Un couple britannique explique pourquoi ils ont déménagé en Alsace pour plus d’espace et de qualité de vie

revue

Déménager de Bâle en Suisse signifiait également que leur argent irait plus loin

Tom Smith et Julie Shelford vivent en Alsace, à seulement quatre kilomètres de Bâle en Suisse

Tom Smith, de Halifax, dans le Yorkshire, et Julie Telford, d’Édimbourg, ont déménagé à Bâle, en Suisse, en 1991, après quatre ans en Papouasie-Nouvelle-Guinée. Tom, alors chercheur en épidémiologie des maladies tropicales, accédait au poste de statisticien à l’Institut tropical suisse, tandis que Julie travaillait dans une bibliothèque multilingue pour enfants.

Mais il y a 20 ans, le couple a réalisé qu’en s’éloignant de la ville de quelques kilomètres seulement et en changeant de pays, ils pouvaient gagner plus d’argent.

« Nous avons parcouru un kilomètre de route et sommes entrés en France », explique Tom. «Nous vivions toujours en Suisse, mais traverser la frontière nous a permis de nous offrir une maison avec un grand jardin.»

Le couple s’installe à Saint-Louis, dans le département du Haut-Rhin en Alsace, à quatre kilomètres de Bâle. « Nous apprécions le climat ici, avec beaucoup plus de soleil et de chaleur que les misérables Yorkshire et Écosse. Nous passons du temps dans notre grand jardin, qui est une tentative d’imiter Giverny, et dans le village local. pâtisserieset en été, nous nageons dans nos piscines extérieures locales presque tous les jours », explique Tom.

Ils sont également entourés par la riche histoire naturelle de la vallée du Rhin supérieur, avec les montagnes du Jura, les Vosges, la Forêt-Noire et les Alpes « presque à nos portes », ainsi que par les pittoresques villages viticoles d’Alsace.

Le couple apprécie l’atmosphère globale de vivre si près de deux autres pays.

« Nous aimons l’aspect international de cet endroit ; nous pouvons toujours profiter de toutes les joies de la vie française. L’Allemagne, qui est généralement moins chère, est à quelques minutes en voiture, et les Suisses ont gentiment construit une ligne de tramway qui traverse la frontière française à moins de 200 m de chez nous et nous emmène directement au centre de l’incroyable offre culturelle de Bâle. »
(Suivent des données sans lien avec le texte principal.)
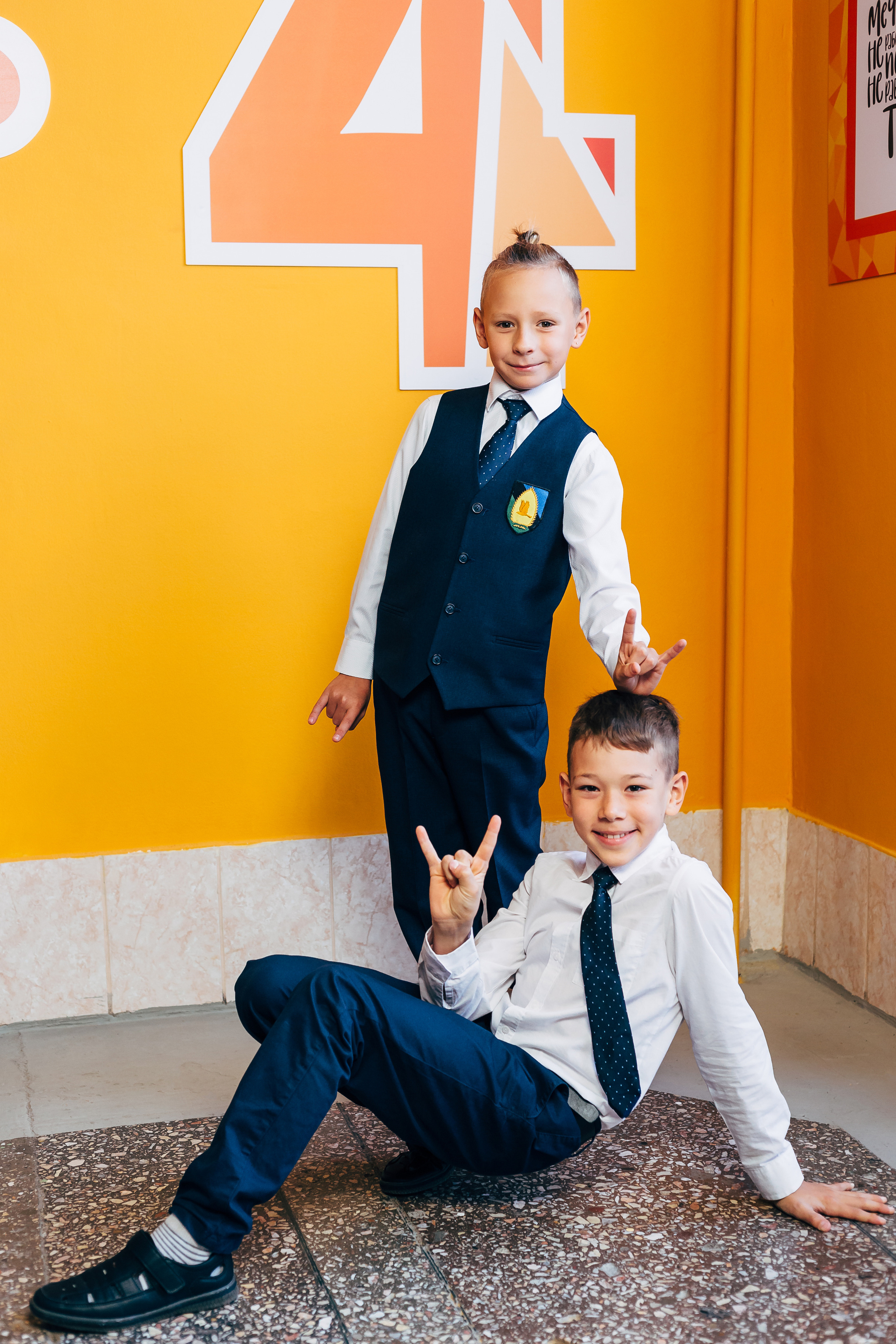 Младшие классы. Групповые фото. Свадебный и семейный фотограф в Перми Андрей Желнин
L’un des défis liés au changement de pays était qu’il s’avérait plus difficile d’apprendre le français.

« Il est difficile de parler couramment quand on est entouré de gens qui parlent d’autres langues », explique Tom, qui fait du bénévolat dans une réserve naturelle où il entend parler une multitude de langues différentes.

« Beaucoup de nos voisins sont italiens ; lorsque nous travaillons dans la réserve naturelle, la langue oscille harmonieusement entre le français, le dialecte alsacien et l’allemand. »

Tom fait du bénévolat dans une réserve naturelle

Une autre découverte inattendue a été que, malgré leur histoire et leur style attrayant – et étant monnaie courante en Alsace – les maisons traditionnelles à colombages ne valent pas la peine d’être achetées. « Nous avons d’abord envisagé d’en acheter un, en nous demandant pourquoi aucun Britannique ne s’installait ici pour y vivre, jusqu’à ce que nous nous rendions compte qu’il est presque impossible d’amener des artisans à travailler sur des rénovations parce que la région est en plein essor et qu’il y a beaucoup plus d’argent à gagner avec de nouvelles constructions. »

Selon Tom, l’intégration peut s’avérer « difficile » dans une ville de taille moyenne. Mais il s’est fait des amis grâce au bénévolat dans la réserve naturelle, tandis que Julie fait du bénévolat dans une bibliothèque à Bâle. Ils aiment vivre à proximité de leur fille et de leurs petits-enfants, qui vivent également à Bâle.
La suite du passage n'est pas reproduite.